Launch of predictive maintenance solutions continues to gain massive momentum in the ICT industry
June 2, 2022 1:40 pm
Increasing use of innovative technologies such as advanced neural networks and artificial intelligence to deduce and raise necessary alerts.
Predictive maintenance has gone through transformational changes over the last couple of years, owing to the surge in need to propel asset uptime and reduce maintenance costs of the machineries. In the earlier days, companies used conventional systems, and hence they had to depend on the historical data about previous equipment breakdowns and performances. Predictive maintenance is an ideal technique adopted by numerous players of the market to effectively monitor the performance and condition of the equipment so as to appreciably minimize the risk of equipment failure under normal or uniform working conditions. On the other hand, modern predictive maintenance solutions repeatedly monitor the behaviour and performance of the equipment so as to collect the vital data in real time.

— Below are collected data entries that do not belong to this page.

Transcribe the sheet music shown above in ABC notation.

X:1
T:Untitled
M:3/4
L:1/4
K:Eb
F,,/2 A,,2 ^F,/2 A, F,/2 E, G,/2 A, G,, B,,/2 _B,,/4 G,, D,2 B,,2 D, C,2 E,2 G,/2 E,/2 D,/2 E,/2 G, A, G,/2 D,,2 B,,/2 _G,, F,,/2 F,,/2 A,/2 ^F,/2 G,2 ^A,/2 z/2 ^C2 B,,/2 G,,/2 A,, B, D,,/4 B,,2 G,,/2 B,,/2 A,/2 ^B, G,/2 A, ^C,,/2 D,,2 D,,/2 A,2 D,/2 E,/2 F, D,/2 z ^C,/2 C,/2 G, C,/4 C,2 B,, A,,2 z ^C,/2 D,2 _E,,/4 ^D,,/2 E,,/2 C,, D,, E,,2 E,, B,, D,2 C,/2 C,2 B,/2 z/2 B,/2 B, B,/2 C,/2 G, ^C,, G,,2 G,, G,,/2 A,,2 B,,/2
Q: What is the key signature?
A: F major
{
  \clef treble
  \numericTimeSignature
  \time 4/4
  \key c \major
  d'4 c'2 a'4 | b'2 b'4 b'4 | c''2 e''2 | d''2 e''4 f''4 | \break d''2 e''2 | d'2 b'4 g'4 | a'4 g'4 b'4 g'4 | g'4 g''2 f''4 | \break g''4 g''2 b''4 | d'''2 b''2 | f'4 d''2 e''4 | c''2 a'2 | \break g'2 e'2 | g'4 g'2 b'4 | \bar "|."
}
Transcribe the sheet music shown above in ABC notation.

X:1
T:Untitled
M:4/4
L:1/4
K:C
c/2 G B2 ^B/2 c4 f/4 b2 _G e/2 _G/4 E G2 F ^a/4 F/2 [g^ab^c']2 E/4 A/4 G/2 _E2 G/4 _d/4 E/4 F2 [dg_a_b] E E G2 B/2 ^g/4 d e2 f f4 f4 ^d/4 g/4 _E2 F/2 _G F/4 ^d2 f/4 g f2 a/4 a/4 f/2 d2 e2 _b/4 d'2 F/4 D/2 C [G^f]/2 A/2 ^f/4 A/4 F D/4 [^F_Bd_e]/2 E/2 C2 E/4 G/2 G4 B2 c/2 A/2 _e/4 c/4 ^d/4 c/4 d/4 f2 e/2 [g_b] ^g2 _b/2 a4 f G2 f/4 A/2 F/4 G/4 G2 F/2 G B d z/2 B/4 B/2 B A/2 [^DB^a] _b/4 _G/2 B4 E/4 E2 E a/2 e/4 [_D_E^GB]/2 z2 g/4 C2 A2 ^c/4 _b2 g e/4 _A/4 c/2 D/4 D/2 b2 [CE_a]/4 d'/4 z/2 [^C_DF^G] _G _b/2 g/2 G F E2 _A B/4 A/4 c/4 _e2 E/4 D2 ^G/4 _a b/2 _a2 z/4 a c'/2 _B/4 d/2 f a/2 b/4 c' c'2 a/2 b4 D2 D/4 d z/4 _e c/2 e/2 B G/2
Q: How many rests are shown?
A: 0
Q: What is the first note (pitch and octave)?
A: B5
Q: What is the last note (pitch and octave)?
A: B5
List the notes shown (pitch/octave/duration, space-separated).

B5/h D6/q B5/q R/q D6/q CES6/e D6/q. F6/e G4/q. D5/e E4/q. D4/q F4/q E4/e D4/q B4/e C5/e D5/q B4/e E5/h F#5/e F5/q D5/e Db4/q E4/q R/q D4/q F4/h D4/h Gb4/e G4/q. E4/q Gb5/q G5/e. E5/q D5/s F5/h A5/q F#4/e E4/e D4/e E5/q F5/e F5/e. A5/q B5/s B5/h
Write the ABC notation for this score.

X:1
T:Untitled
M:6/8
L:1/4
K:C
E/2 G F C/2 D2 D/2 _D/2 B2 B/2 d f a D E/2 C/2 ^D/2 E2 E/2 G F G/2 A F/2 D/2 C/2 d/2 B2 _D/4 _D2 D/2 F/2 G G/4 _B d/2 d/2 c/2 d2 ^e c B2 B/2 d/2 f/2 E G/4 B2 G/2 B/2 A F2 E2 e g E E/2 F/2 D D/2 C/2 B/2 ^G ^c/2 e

Increasing use of innovative technologies such as advanced neural networks and artificial intelligence (AI) to deduce and raise necessary alerts if any sort of potential equipment failure is bound to happen. In addition, various organizations across the globe are leveraging on various machine learning technologies for not only increasing the speed of processes over conventional tools, but also for providing enhanced accuracy to monitor crucial data about the equipment. These factors drive the demand for predictive maintenance in the coming years.
Apart from that, there has been a significant surge in the awareness about the importance of predictive maintenance among industrial customers. Predictive maintenance is extensively used in the industrial manufacturing sectors such as the food and beverage and oil & gas industry. They are also widely used in other industries including healthcare, consumer goods, transportation, and others. Thus, organizations tend to adopt utterly effective predictive maintenance solutions to notable make a prediction 20 times faster than conventional threshold-based monitoring systems.
Besides, downtime can be quite expensive, and hence can cost a lot of money for organizations dealing in heavy industries such as oil & gas. These factors are further expected to boost the demand for predictive maintenance in various countries around the world in the forthcoming years.
Moreover, increase in investments in predictive maintenance, surge in need to prolong the lifespan of ageing industrial equipment, rise in concerns over data privacy issues, and increase in adoption and integration of industrial internet of things (IIoT) are predicted to create tremendous opportunities for the growth of the global predictive maintenance market. According to the report published by Allied Market Research, the global predictive maintenance market is anticipated to reach $31.96 billion by 2027, growing at a CAGR of 28.8% from 2020 to 2027.
Numerous players of the market across the globe are launching innovative predictive maintenance solutions to effectively cater to the needs and wants of customers. For instance, Aizon, a California-based AI software provider that is engaged in revolutionizing manufacturing operations in the biotechnology pharmaceutical industries with the application of artificial intelligence, advanced analytics, and other smart factory technologies, launched a distinctive predictive maintenance solution called Aizon Asset Health for seamless pharmaceutical manufacturing.
Aizon has applied multivariate analysis, advanced analytics, and artificial intelligence to increase the efficiency of the Aizon Asset Health application. This application essentially invigorates the minimization of unpremeditated and spontaneous downtime with the help of condition-based maintenance that remarkably surpasses the modern industry standard.
In addition, the Aizon Asset Health efficiently analyses the condition of the crucial assets in real time, provides an impeccable historical maintenance analysis, determines potential problems, and provides necessary maintenance recommendations and solutions to keep the machinery up and running. Thus, it ensures full asset integrity, complying with optimal facility conditions such as vibrations, temperature, and humidity, apart from tracking the energy consumption of the asset and its carbon dioxide emissions. Thus, Aizon has unlocked the maximum potential of smart pharma manufacturing whilst improving asset reliability and performance for organizations.
The trend of launching creative predictive maintenance solutions by prominent players of the market continues to gain massive momentum in the information and communications technology (ICT) industry. For instance, TeamViewer, a dominant tech-based company engaged in providing secure remote connectivity solutions, announced the launch of its new AI-supported software module called ML-Trainer.
It is capable of learning and determining specific patterns and supplies machine learning algorithm with data. With the help of ML-Trainer, both false alarms and downtimes can be appreciably minimized as artificial intelligence is persistently learning. The TeamViewer predictive maintenance module can seamlessly be affiliated with the current TeamViewer IoT environments.
The algorithm can efficiently make use of the sample data sets that is intrinsically created for this module of various machine types including pumps and wind turbines, and hence it only needs to learn about various attributes of the respective machine. The Vice President of IoT at TeamViewer, Lukas Baur, mentioned that the maintenance department accounts for nearly 60 percent of the operational expenditure, and hence their major focus is towards minimizing this expenditure with help of an AI-based analysis of the device data. Thus, various players of the market are making proper use of innovative technologies to effectively make machinery maintenance seamless and cost-effective.